Sonra kahvemi aldım, klavyemin başına geçtim. Ve sadece yazdım.. Dağınıklığı düşünmeden, sorulara cevap aramadan, travmalar yaralar, nasıllar niyeler, bunu neden yaptılar, hiç mi pişman olmadılar, kırılanların hakkını kim ödeyecek diyerek öfkelenmeler olmadan.. Parmağımdan ne dökülüyorsa onları akıttım şimdiye.. Benim savrulma yolculuğum 2020 gibi başlamış, 2025 ise kayboldum demelerimin yılı olmuş.. Şimdi bugünümden, şimdiden, tüm dağınıklığımla, tüm geçmişimle, tüm kayıplarımla hem bir bütün hem de hepsinden azade olmuş bir günden yazıyorum..

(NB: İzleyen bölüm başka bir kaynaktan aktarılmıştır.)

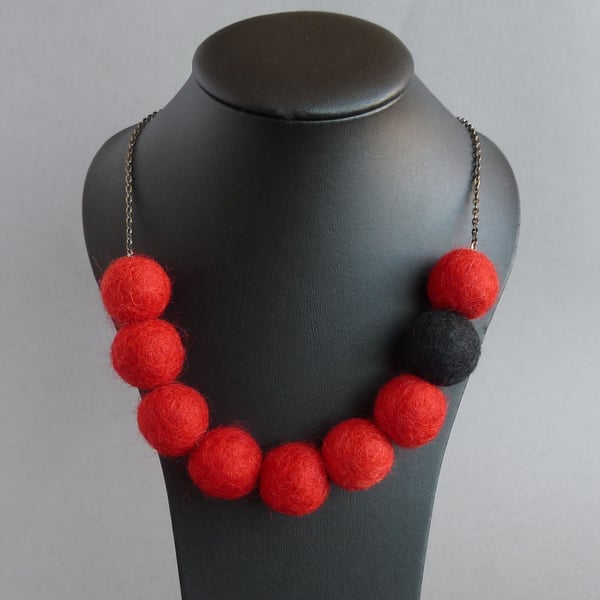 Chunky Red and Black Colour Block Necklace - Bright, Fun, Statement Jewellery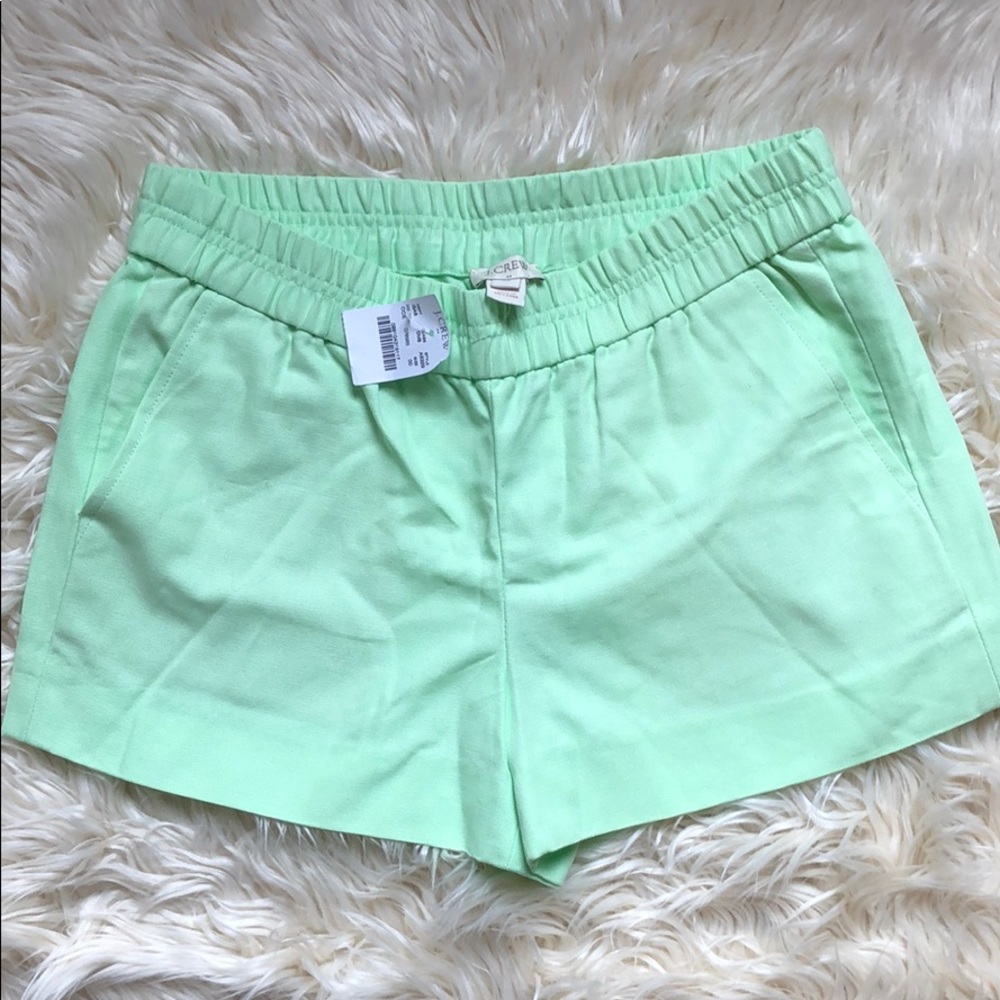 J Crew bright/mint green shorts. NWT!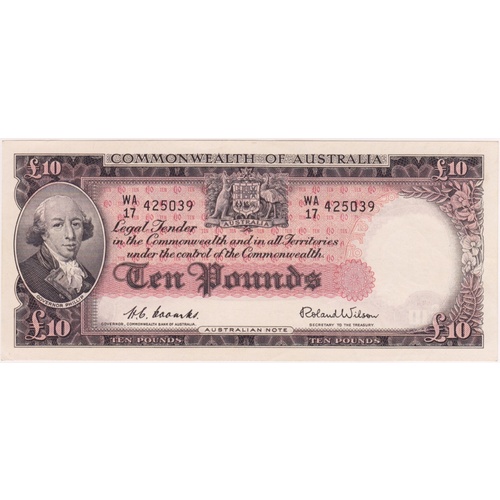 1954 Ten Pound Coombs/Wilson R62 about Unc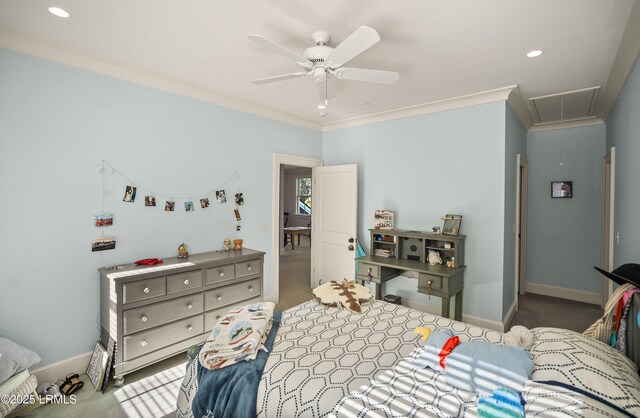 carpeted bedroom with crown molding and ceiling fan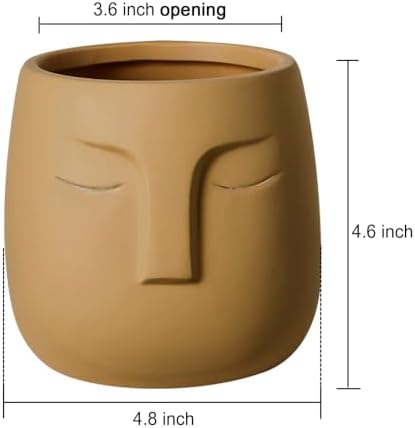 GeLive Head Plant Pot Succulent Planter with Drainage Hole Modern Statue Flower Pot Face Plant Vase Windowsill Box Art Home Decoration Indoor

Belki de artık eve dönmek zamanıdır.. Belki de artık, eve dönüş yolunu bulmak zamanıdır.. Belki de artık artık o savruluşların, o kayboluşların sonunda kendini gerçekten bulmaya başlamanın zamanıdır.. Ben yıllar sonra ilk kez kendime diyorum ki, bu yeni yolculuğa seninle sevgi, şeffaflık, tutarlılık, güven ve sadakatle varım..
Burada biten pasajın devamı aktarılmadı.